Meanwhile, during the time I was off in the world “living”, my wife Jamie had strengthened her faith by attending Church of the Resurrection here in Overland Park, KS. I reluctantly decided to walk through the doors with her (I was kicking and screaming inside as I did it – no lie!) and I can honestly say my life will never be the same. For the first few months it was tough. I would sit in church each Sunday and track the time. At a point I began to wonder what it would feel like to live my life as a Christian – to actually apply all of this Jesus stuff that we were talking about. I felt God calling me to see that there was more than just being a “very religious person” or another herded church-goer. There was a life to be lived, outside of the one hour that I spent at church on Sunday. At this point, I had cracked the door to God and as I’ve heard a friend say many times – “If you give the Spirit of God an inch, he’ll take a mile”.
Jamie and I joined the church. From that point on, I can literally plot out a timeline of the ways in which God revealed Himself and moved in my life. As I reflect now, I see that He is the awesome YHWH, who provides, redeems, calms, gives peace, dwells within us, flies high as our banner, is our shepherd – He is our unwavering Father in Heaven. He first moved in my life as Jesus, my Savior, as one who walked in the world and knew the temptations of this world. I can clearly remember walking out of church on the morning of September 12, 2010 and sitting in the car and just absolutely crying (balling) my eyes out. I’m not sure if I knew it at that point, but I was surrendering my life over to Jesus at that point. I was giving over control of my life. I could no longer do it alone or do it my way; I had to give the reigns of my life over to Jesus. I was then baptized just a week later and received the gift of the Holy Spirit – the Spirit of God living in me, guiding me, counseling me. I had not been baptized as a child, so this was clearly an integral component of my journey, the sacrament of baptism changed the way that I viewed my life. It truly was the re-birth that Jesus tells Nicodemus of in The bible (John 3), a re-birth by the Spirit.

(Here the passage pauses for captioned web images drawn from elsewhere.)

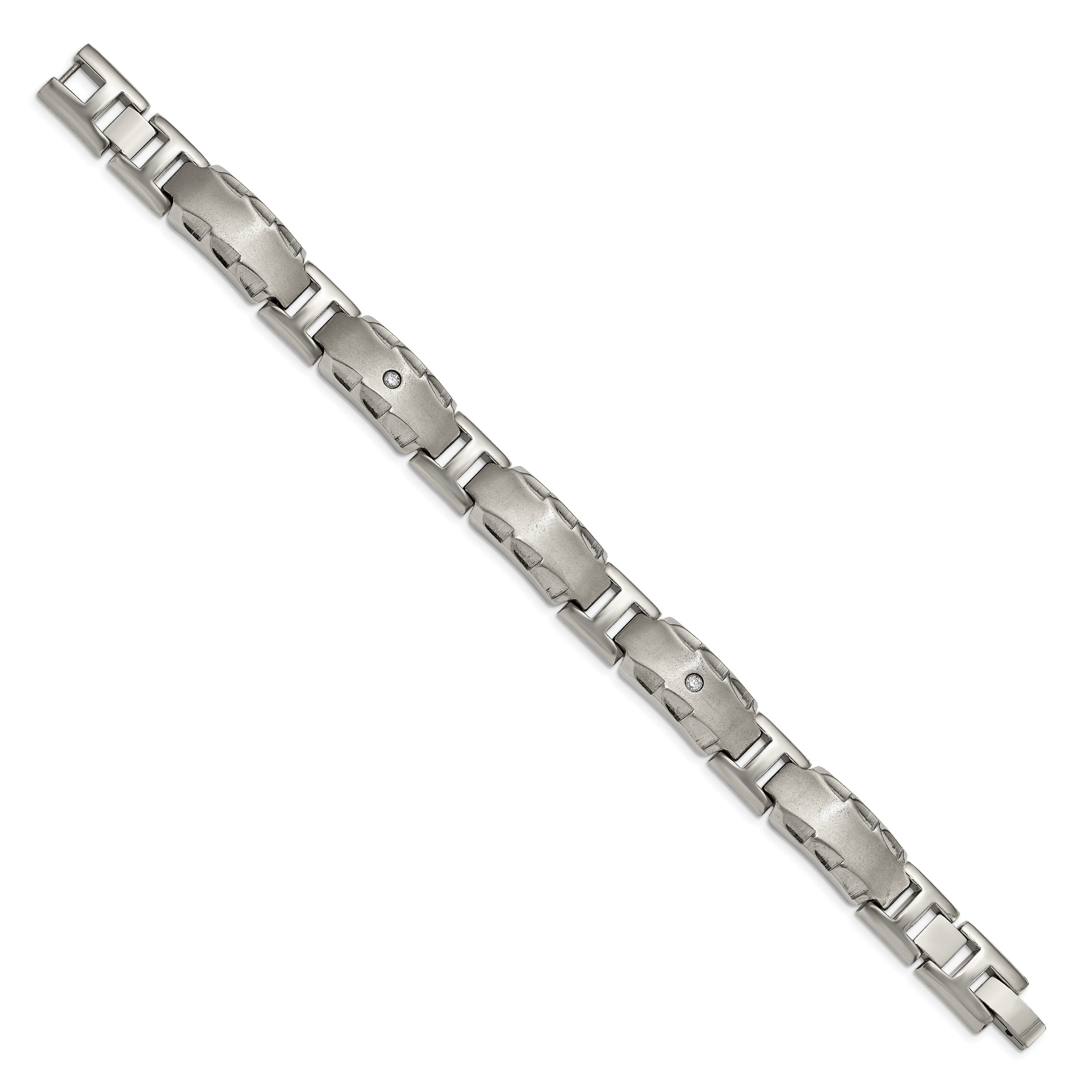 Edward Mirell Titanium Facet Edge .12ct Dia Brushed&Polished Link Brace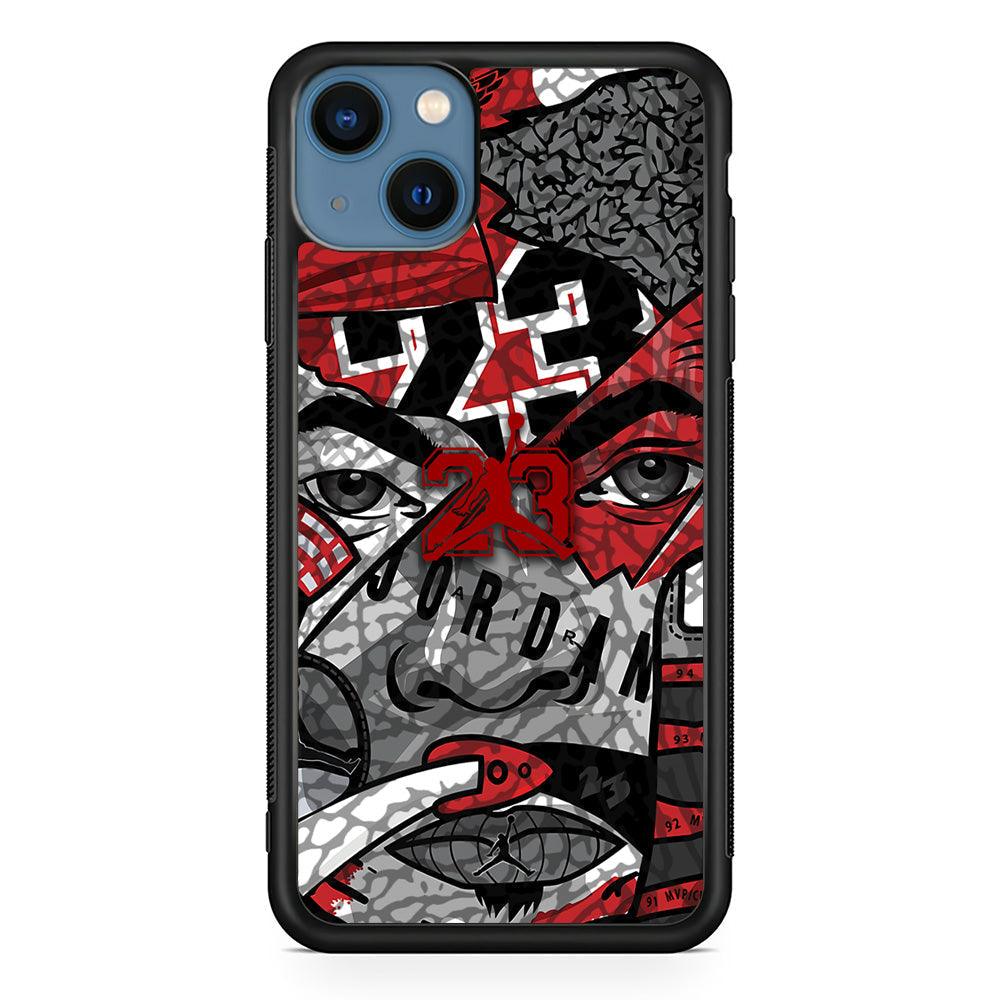Air Jordan Face Without Mask iPhone 15 Case-Rubber Black (2D Case)-Oxvistore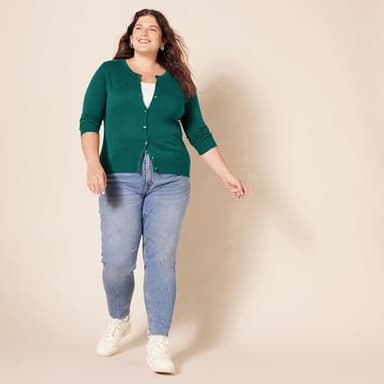 Amazon Essentials Women's Lightweight Crewneck Cardigan Sweater (Available in Plus Size), Dark Green, X-Small - Image 8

This is the point where I really felt my journey begin to take flight. Church each Sunday was no longer a time of counting the minutes and searching to hear a distant message, it was now a time of loving communion and Fellowship with God. At this point I really began to feel an insatiable hunger to learn, serve and to grow into a deeper faith. My wife and I went through Alpha (an intro to Christianity course – in the fall – it was a great Spiritual experience for us, yet also a great bonding experience together. This is the point where I felt God nudging me to become the Spiritual leader of our family. My wife and I really came into union here together and deepened our commitment to each other at this time.
Jamie and I began getting more involved in the church at this point, joining a small Bible study group and joining in on various service based opportunities. At this same time, I began attending a Tuesday morning early men’s Bible study group. This is where God began to reveal Himself to me as the Holy Spirit and the point where I really began to feel a deep commitment to my faith and relationship with Christ in my everyday life. This is the point where I really began to live out God’s will for us as His sons and daughters, as He tells us in 1 Thessalonians 5: 16-18 — Be joyful always; pray continually; give thanks in all circumstances.

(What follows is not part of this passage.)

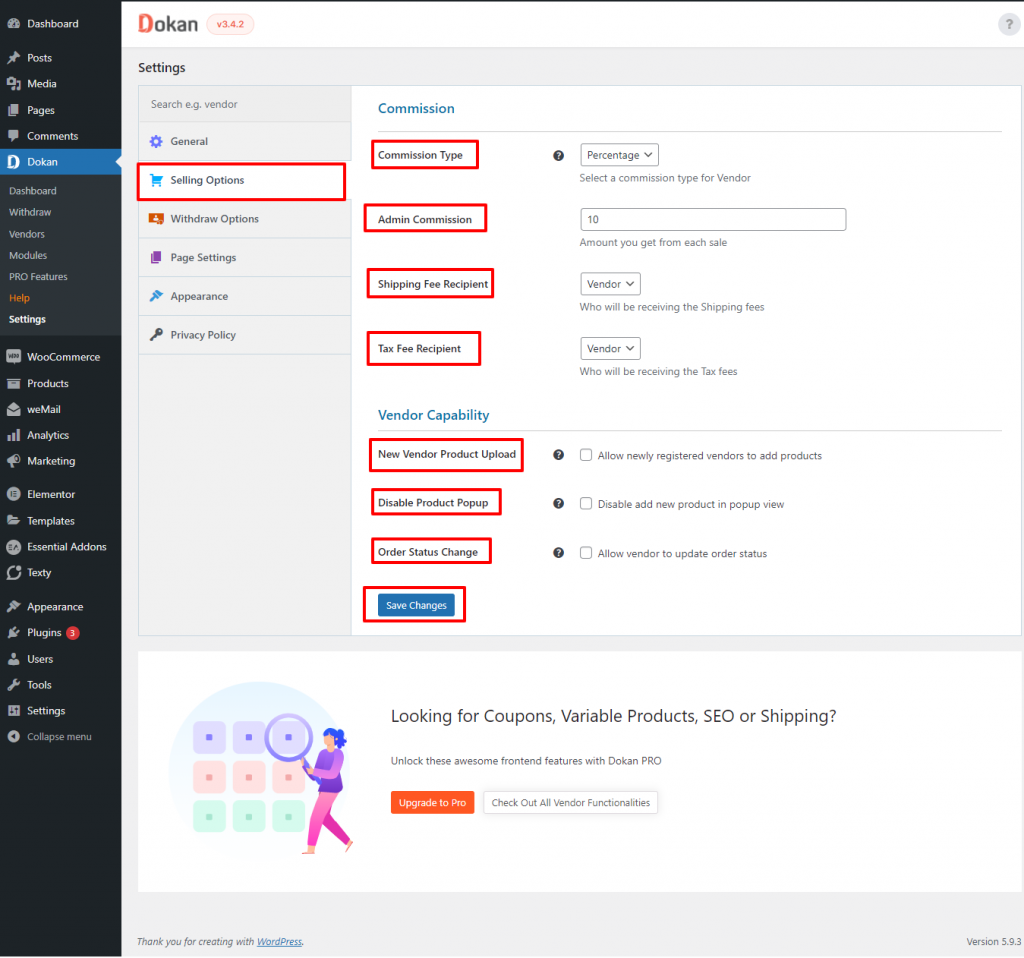 Selling options and commission types built in Dokan plugin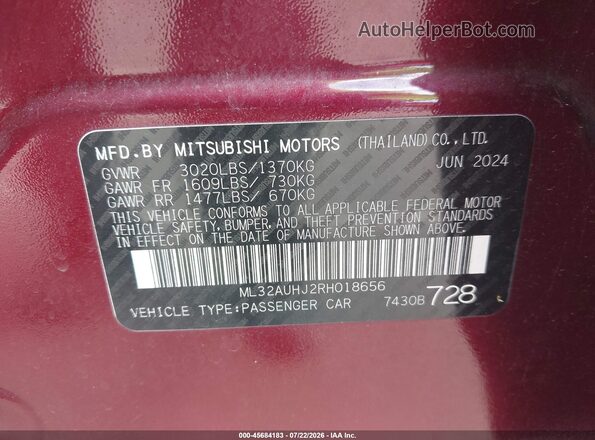 ML32AUHJ2RH018656 2024 MITSUBISHI MIRAGE Maroon Вид підкапотного простору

As my “antennae” went up, I began to see the guidance and counseling work of the Holy Spirit in my life in many very specific ways. God’s Spirit that lives inside of me began to take hold of my life with daily guidance and navigation. From the most basic daily reflections to life altering experiences, He grasped my life. He showed me that living in a Godly way was not about personal achievement or hard work, but about getting out of the way to let God’s Spirit take control. For example, I met a homeless man at a grocery store in the middle of Overland Park (seriously, a homeless person in Overland Park, KS – surely I joke, right….). I saw him from a distance and felt a tug to see if he needed anything. I ended up getting him a meal, talking about Faith and Jesus. Ultimately Jamie and I were fortunate enough to have him join us at Easter Sunday worship. He was homeless and had nothing, but the clothes on his back. He gave what change he did have as his offering to God that day – that was powerful! So, God’s Spirit took my trepidation and previously hardened heart for humanity and transformed me – He led me to another way, a way that looked like going out on a limb to reach out to someone in need and being Christ for me.
Then, in all of His glory God revealed Himself to me as God, Abba, my Father. I’ll never forget it – it was the most recent way in which I came to know and love Him. It was June 19, 2011 of this year and at this point I had come to know Jesus and know the Spirit through His work in my life. It was the first Sunday of the Disney sermon series that was being preached at our church. We were exploring the Lion King and it was Father’s Day – how fitting! Very specifically I remember our Senior Pastor talking about the fact that God is our Heavenly Father, He knew us in the womb, He created and knows every fiber of our being. We belong in God’s loving arms, He catches us when we fall and we should run to Him and NEVER forget who we are in Him. No matter how many mistakes we make, as the Bible tells us in 2 Timothy 2:13 – if we are faithless, He remains faithful. Beyond surface knowledge of this previously, I now felt this in my heart and I was overwhelmed, knowing that all of these years I had been running the other way and searching for something in this world that I would never find. The hope, the love, the faithfulness, the everything that I was searching for was in my Heavenly Father. I cried pretty much the entire service that day and was so overcome with emotion that my wife and I had to sit and let others file out of the sanctuary before we could get up and leave. I almost felt paralyzed emotionally and physically – I was just so overcome with absolute stunning awe – REAL AWE IN GOD!
As I said earlier, my life changed when I walked in the doors of Church of the Resurrection. In just a year God has taken my hand and changed my life, the way I live it here in this temporary dwelling of the earth and my purpose here. Everything has been turned inside out, by His hand. I now get up every morning and spend time in prayer, study of the Bible and Fellowship with Christ. My wife and I can’t get ourselves involved in enough areas of service and communion with fellow Christians. Although we will never forget the years of my rebellion, the pain and the wounds that still exist, Jamie and I love each other and work to keep God in the center of everything we do. Thankfully, we are so, so fortunate to have recently welcomed a little baby boy into the world. And imagine, I almost missed all of this – I almost missed my entire life!
For a while now, I’ve felt an intense calling by God to draw upon my experiences to bring out to any and all people His love. I know both sides of the street – life without God and life with God. I know which life provides more hope, more excitement, more peace, more joy, more love, more purpose, more fulfillment, more genuine pleasure and I desire to expose this life for what it is to everybody – a life worth living.